Sobre el pasado y las correspondencias y el pasado como forma de inspiración. No solamente buscamos los éxitos sino que también tenemos que aprender de los fracasos del pasado, no valiéndonos solamente de ejemplos pero sí de casos que no debemos repetir. Permitidme que insista en la importancia de comparabilidad entre pasado y presente y diferentes situaciones de este momento, añadiendo el problema de la traducción. Traducción no significa simplemente ver lo que es diferente y comparar, sino también ver lo que se puede convertir en común y comparar. Las diferencias con las experiencias de Exarquia previas a Sintagma, es que ahora las experiencias no se limitan a colectivos anarquistas o de extrema izquierda. Por fin nos hemos librado de esta idea de barrio libre que es Exarquia. Esto era parte de estar aprisionados en un enclave alternativo. Ahora somos testigos de experiencias de rasgos similares por toda Grecia. Esto empezó después de diciembre de 2008 (con el asesinato de un joven por parte de la policía durante una manifestación) que provocó manifestaciones en lugares donde no las había habido durante cincuenta o sesenta años. Estas iniciativas están ahora mucho más integradas en la sociedad y conectadas a las prácticas cotidianas, mucho más que hace seis o siete años. Es fácil de ver esto con el número de iniciativas que han proliferado, como el caso de Bolos que contaba la compañera. Una ciudad que tuvo siempre un movimiento de izquierdas y un fuerte sindicalismo que ahora tiene procesos e iniciativas conectadas con diferentes partes de la sociedad.
 

¿Cómo se convocan las movilizaciones más generales, cómo surgen? ¿La coordinación es estable o puntual?

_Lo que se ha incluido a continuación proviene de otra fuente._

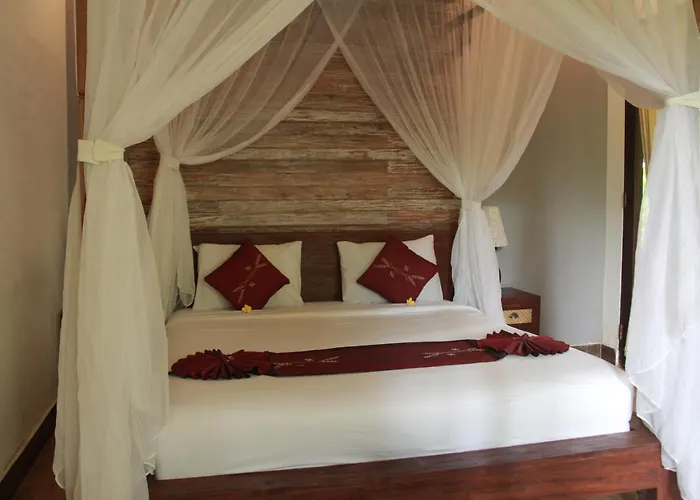 Hotel Arimba At Bisma 3*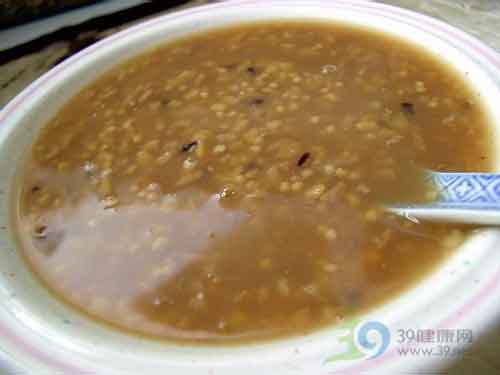 食疗粥品护咽喉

No hay una gran coordinación, no la hubo durante el tiempo de la plaza de Sintagma, como sabemos que no la hubo en las otras Sintagmas desarrolladas en otros lugares. De vez en cuando debemos separarnos y pensar sobre esta cuestión, si es algo que tenemos que imponer o es algo que debemos esperar que pase en distintos ritmos y niveles. Porque quizás si intentamos lo primero quizás obtengamos justo lo contrario, un sujeto que impone acción sobre este estrato heterogéneo. No estoy por supuesto en contra de la coordinación, pero sí debemos de tener en cuenta y tratar de generar artefactos que nos ayuden a comprender cómo el movimiento no tiene siempre las mismas metas, no siempre se focaliza en el mismo lugar ni con las mismas necesidades, pero que esta multiplicidad también puede conseguir efectos importantes.

Sobre la cuestión de la democracia. Se está reinventando la democracia en las calles, ¿Pero se imaginan nuevas formas de democracia a nivel más amplio? ¿De transformación del sistema de partidos y del sistema de representación?

Sobre democracia la idea predominante en Sintagma era la democracia directa, en igual relación con las experiencias similares en otras partes del mundo. Hubo una gran asamblea que pretendió trabajar precisamente esta cuestión de democracia directa, democracia esencial, a la que fui invitado con otros a hacer una intervención. Aparte del hecho de que ésta fue una de las experiencias más importantes de mi vida, esta discusión giraba en torno a cómo solucionar el problema de la representación. Había gente de la opinión que la ocupación de la plaza debía servir como acicate para pedir cambios en la legislación, pero la mayor parte era sobre la cuestión de que eran ellos los que tomaban las decisiones y no los que estaban arriba en el Parlamento. La idea de democracia se ha desarrollado a través de todas estas experiencias que he estado citando, y de un mayor escepticismo hacia la clase política, aún más después de las decisiones que han estado tomando en los últimos tiempos. Pero tampoco hay que olvidar que una gran parte de la sociedad cree que hay un movimiento de izquierdas institucionales detrás de Syriza que puede hacer cambios reales y abrir nuevas posibilidades en las condiciones sociales y que esto ha provocado un nuevo nacimiento de la confianza en la democracia participativa y en la capacidad de los partidos políticos de cambiar efectivamente cosas. Estas dos cosas pasan a la vez.